London, England - The UK Gambling Commission (UKGC) has published figures indicating the performance of the gambling sector for the year ending in September 2018 and it shows that online gambling is still on the rise and is actually dominating other kinds of gambling.
Total revenues during this period were pegged at £14.5bn, which is a 0.4% plunge compared with the year ending March 2018. Of this statistic, online gambling took a lion’s share of nearly 39%, with revenues amounting to £5.6bn. Online casinos saw £3bn revenues, of which about two-thirds came from slots.
Online sports betting was estimated to be at the £2.1bn mark, roughly the same as the preceding period. Overall, online betting rose 3.7%. This was mainly because of a 21% rise in exchange betting up to £342m, and bingo revenues increasing 7.6% up to £177m.
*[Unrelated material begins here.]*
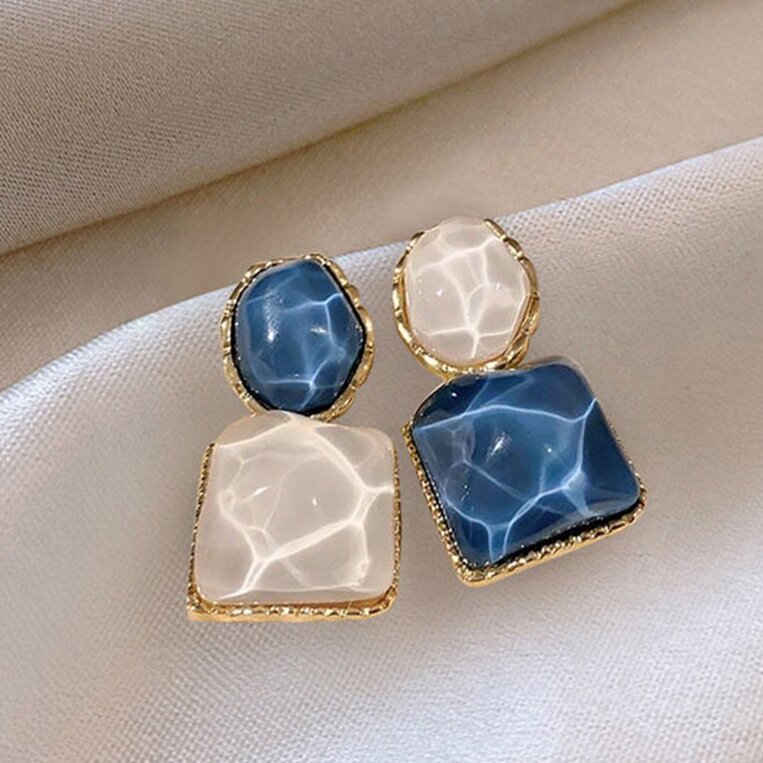 Klassinen Korvarengas ajattomalla viehätyksellä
Next in the rankings were retail bookmakers stores, which boasted of revenues amounting to £3.2bn. This was a fall of about £94m from the last reported period. The chief portion of these revenues – 59% – comes from gaming machines.
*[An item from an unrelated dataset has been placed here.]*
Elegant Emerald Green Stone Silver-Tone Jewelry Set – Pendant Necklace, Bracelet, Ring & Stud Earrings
Gaming machines had a small drop of £5.6m, a downward trend expected to last after the recent clampdown on fixed odds betting terminals (FOBTs). The government cut down the maximum stake on FOBTs on April 1, 2019, from £100 to £2. This measure was established to help problem gamblers as FOBTs have proven to be very addictive.
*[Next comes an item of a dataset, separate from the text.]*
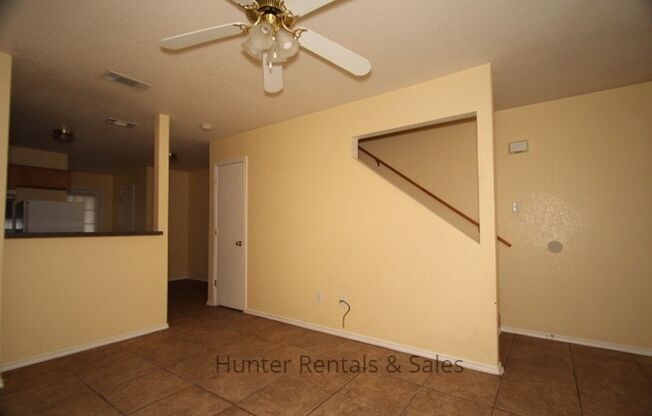 2 beds, 1.5 baths, $875, Unit Unit C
Retail bookmakers will likely see a considerable drop in revenues as a result of this move, with some firms saying they will have to shut down many stores. There are already 500 fewer FOBTs in operation since the last recorded period. In all, there are 33,190 FOBTs in operation, which is the lowest level in the last seven years.
The number of retail stores also dipped, dropping to 8,423 locations from an earlier figure of 8,555. This is a substantial decrease from the all-time high of 9,128 in March 2012. Most of the closures came from Gala Coral and Ladbrokes, both of which operate under GVC Holdings.
National Lottery figures were virtually the same, with gross yields of £3bn. Physical casino yield dropped 11.4% down to £859m. The primary reason for this drop was due to an almost 40% dip in baccarat revenues. Physical bingo yield fell 1% down to £355m, with virtual betting dropping 4.2% down to £81.8m.
The UKGC has clamped down on different fronts of late, after convincing the government to cut down stakes for FOBTs. It is now endorsing awareness of problem gambling and social responsibility. It has seen a rise in the number of self-excluders of almost 11%.
The number of people choosing self-exclusion is now more than 1.5 million. There was a 28% increase in age verification checks by operators, compared with the last documented period, Age checks are part of a crackdown on underage gambling. Recent stats indicate worrying trends involving the gambling habits of young people.
There are already voluntary advertising limitations during sports broadcasts, but there have been demands to extend them more. There is pressure on sports teams to halt their kit sponsorship deals with gambling companies.
And finally, demands are increasing for the foreword of a mandatory levy on gambling operators to help fund addiction programs. The current voluntary set-up is not proving to be very efficient, with many operators sidestepping paying contributions.